In situations like this, when the private sector goes up in flames, the solution is not to set fire to the public sector as well. It's to make sure that you're holding on to as much as you can because the public sector can be a bulwark. It's not about expanding the public sector; it's about not cutting it. But it also means that there are times, like in the Great Depression, when governments act to recapitalize and rebuild the private sectors so we can go back to having a mixed economy that works, and that's not what we have now.
The idea that we're going to go back to the status quo is something we should reject.
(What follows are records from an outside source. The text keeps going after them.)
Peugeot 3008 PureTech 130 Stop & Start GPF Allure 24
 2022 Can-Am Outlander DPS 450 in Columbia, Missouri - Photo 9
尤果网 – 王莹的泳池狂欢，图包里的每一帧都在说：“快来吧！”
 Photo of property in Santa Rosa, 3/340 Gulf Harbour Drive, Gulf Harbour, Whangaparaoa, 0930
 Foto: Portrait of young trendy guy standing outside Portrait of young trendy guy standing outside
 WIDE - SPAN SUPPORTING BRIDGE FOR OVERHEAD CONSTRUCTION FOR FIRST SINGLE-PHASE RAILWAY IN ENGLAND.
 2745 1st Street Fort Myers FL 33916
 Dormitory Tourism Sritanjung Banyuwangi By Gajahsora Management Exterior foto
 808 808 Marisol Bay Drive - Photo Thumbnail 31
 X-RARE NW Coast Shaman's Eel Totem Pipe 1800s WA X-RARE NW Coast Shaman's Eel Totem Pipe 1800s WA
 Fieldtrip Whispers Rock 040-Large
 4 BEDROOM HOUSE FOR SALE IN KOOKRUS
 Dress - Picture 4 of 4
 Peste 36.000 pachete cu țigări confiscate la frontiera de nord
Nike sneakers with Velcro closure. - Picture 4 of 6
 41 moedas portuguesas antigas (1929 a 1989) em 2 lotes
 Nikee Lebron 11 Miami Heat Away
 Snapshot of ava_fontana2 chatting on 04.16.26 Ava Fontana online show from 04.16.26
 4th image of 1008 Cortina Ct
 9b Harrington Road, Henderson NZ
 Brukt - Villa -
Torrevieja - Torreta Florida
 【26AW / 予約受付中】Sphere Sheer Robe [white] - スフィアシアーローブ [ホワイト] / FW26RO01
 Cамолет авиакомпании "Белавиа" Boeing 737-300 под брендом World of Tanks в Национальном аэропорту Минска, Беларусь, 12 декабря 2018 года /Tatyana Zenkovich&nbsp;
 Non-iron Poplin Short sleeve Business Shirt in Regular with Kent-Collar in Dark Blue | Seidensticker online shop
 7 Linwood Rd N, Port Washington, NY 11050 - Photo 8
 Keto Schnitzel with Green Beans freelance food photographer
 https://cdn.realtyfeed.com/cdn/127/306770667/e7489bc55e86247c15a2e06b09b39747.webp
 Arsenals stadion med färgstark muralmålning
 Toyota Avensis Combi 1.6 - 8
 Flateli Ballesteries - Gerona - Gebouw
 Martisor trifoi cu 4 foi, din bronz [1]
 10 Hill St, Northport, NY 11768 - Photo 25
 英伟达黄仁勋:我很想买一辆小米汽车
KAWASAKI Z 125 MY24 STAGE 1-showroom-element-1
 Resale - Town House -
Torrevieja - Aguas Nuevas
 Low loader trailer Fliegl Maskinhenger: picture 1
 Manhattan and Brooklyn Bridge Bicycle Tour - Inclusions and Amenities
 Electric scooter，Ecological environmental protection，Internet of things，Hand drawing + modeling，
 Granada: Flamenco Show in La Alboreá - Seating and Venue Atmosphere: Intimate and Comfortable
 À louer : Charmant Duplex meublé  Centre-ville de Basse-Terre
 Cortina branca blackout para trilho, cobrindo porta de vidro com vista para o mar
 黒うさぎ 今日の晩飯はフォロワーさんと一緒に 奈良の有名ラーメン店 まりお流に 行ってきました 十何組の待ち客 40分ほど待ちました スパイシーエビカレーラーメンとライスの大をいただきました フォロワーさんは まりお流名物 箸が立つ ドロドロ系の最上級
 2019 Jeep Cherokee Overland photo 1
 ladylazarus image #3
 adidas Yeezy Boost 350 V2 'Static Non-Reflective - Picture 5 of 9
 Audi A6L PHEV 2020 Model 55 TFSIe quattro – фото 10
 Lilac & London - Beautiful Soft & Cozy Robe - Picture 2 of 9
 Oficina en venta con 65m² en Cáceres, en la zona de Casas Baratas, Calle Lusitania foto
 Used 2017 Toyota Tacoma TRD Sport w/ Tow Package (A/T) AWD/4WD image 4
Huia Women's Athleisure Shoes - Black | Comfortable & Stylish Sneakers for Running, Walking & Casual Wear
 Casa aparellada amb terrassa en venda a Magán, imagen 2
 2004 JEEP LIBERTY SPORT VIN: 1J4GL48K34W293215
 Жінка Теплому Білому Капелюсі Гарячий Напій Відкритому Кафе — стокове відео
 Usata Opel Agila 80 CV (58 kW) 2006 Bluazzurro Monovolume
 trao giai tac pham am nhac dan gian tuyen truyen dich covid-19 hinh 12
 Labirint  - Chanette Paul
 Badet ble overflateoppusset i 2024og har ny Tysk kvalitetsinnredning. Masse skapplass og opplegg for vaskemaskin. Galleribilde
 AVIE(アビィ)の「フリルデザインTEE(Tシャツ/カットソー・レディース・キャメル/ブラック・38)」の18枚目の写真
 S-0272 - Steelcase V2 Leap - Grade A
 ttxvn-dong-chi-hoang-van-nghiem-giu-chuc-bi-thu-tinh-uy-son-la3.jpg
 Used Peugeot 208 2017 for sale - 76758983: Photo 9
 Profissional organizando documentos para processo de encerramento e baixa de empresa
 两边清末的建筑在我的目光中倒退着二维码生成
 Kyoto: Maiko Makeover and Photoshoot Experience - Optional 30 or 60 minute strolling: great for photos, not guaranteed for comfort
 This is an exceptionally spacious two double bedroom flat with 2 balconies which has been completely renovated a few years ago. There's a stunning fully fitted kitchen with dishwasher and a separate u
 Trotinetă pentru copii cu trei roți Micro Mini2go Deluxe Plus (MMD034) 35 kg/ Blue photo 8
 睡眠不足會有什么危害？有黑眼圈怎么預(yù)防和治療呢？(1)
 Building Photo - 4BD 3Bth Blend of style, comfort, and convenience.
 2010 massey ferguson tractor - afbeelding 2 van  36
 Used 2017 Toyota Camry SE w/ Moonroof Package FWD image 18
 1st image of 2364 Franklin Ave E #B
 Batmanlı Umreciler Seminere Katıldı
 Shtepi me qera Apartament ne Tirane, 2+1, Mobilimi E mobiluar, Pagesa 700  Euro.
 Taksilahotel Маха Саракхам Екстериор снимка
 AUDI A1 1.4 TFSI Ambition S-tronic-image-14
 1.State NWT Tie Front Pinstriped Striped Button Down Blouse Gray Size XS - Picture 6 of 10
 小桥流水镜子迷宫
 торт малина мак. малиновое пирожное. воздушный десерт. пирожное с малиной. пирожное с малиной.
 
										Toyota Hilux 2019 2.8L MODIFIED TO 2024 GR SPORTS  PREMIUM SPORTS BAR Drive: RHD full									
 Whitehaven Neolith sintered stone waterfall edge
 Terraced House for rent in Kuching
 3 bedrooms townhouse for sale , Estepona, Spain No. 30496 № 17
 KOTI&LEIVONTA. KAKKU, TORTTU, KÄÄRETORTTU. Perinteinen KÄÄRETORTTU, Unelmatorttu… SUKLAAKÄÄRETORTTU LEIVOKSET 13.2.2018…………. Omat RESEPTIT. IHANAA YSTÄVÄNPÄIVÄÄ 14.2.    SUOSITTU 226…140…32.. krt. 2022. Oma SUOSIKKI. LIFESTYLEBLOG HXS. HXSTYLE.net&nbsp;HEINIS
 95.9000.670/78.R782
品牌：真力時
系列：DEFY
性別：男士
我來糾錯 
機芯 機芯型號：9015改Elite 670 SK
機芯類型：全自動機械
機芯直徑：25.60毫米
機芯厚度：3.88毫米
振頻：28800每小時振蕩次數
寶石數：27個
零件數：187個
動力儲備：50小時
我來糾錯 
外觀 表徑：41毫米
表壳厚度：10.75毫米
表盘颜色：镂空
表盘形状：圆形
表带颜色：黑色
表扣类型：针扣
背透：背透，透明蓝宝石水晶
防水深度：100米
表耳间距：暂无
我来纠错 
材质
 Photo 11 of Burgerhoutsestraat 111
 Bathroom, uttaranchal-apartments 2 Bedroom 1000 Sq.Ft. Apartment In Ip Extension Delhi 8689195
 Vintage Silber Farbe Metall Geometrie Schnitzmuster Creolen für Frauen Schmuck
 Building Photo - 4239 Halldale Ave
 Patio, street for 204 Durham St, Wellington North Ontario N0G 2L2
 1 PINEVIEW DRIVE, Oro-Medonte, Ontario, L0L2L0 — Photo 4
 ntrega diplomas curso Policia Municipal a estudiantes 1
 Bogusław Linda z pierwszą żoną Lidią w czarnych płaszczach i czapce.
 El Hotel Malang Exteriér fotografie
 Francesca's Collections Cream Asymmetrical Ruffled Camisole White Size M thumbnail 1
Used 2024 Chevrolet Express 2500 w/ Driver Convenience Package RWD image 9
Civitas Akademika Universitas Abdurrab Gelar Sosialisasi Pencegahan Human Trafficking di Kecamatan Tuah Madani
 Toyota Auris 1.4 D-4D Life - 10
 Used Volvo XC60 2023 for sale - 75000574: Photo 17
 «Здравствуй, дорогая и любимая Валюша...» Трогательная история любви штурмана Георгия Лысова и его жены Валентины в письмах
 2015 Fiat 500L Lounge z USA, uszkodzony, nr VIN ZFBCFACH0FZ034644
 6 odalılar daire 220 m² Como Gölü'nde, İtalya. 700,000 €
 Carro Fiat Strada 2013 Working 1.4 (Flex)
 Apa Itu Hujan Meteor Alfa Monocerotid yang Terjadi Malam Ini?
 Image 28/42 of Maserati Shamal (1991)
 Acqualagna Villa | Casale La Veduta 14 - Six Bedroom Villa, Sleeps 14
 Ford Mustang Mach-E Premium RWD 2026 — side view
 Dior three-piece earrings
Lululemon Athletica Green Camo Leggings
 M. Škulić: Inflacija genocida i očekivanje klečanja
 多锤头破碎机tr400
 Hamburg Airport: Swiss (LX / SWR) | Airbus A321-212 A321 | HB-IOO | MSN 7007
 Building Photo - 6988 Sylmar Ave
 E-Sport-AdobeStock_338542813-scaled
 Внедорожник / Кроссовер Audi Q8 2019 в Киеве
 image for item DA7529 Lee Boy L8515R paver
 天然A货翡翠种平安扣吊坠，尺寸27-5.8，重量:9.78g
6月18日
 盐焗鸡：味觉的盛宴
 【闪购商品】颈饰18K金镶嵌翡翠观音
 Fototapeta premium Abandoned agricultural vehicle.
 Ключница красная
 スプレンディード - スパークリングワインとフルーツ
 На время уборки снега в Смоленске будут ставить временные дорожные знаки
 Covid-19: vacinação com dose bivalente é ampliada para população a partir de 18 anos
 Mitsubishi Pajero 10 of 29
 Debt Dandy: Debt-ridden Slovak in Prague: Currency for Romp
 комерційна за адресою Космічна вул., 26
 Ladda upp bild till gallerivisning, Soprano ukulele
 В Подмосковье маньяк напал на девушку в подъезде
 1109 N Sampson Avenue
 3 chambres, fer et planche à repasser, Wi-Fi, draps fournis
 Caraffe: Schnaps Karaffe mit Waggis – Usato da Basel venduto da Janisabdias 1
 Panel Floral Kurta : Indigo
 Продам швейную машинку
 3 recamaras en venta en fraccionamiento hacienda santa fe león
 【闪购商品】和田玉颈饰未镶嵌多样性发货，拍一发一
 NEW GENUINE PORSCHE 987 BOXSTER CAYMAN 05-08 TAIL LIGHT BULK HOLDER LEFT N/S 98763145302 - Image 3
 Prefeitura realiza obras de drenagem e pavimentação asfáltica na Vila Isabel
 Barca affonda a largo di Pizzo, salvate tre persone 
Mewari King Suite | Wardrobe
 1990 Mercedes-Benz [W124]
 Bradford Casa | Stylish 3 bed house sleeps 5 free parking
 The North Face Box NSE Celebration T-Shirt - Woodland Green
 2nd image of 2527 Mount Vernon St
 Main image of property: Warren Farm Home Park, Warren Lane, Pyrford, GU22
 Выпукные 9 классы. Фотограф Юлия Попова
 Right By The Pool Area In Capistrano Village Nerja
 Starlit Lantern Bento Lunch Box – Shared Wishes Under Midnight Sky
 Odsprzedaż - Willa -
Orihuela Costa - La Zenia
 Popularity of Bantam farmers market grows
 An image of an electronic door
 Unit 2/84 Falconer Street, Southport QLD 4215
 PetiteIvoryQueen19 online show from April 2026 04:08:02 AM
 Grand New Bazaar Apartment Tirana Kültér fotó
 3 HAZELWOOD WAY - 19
The status quo really was not working for an incredible number of Canadians, an incredible number of Manitobans, whether they're First Nations, whether they're precarious workers, whether they're young people, whether it's people struggling with debt. There are too many people who haven't had a raise and we have an opportunity and an obligation to make sure that we're looking after everybody-everybody-not picking and choosing who winners and losers are, but to look after everybody to make sure that they're safe and secure through this crisis.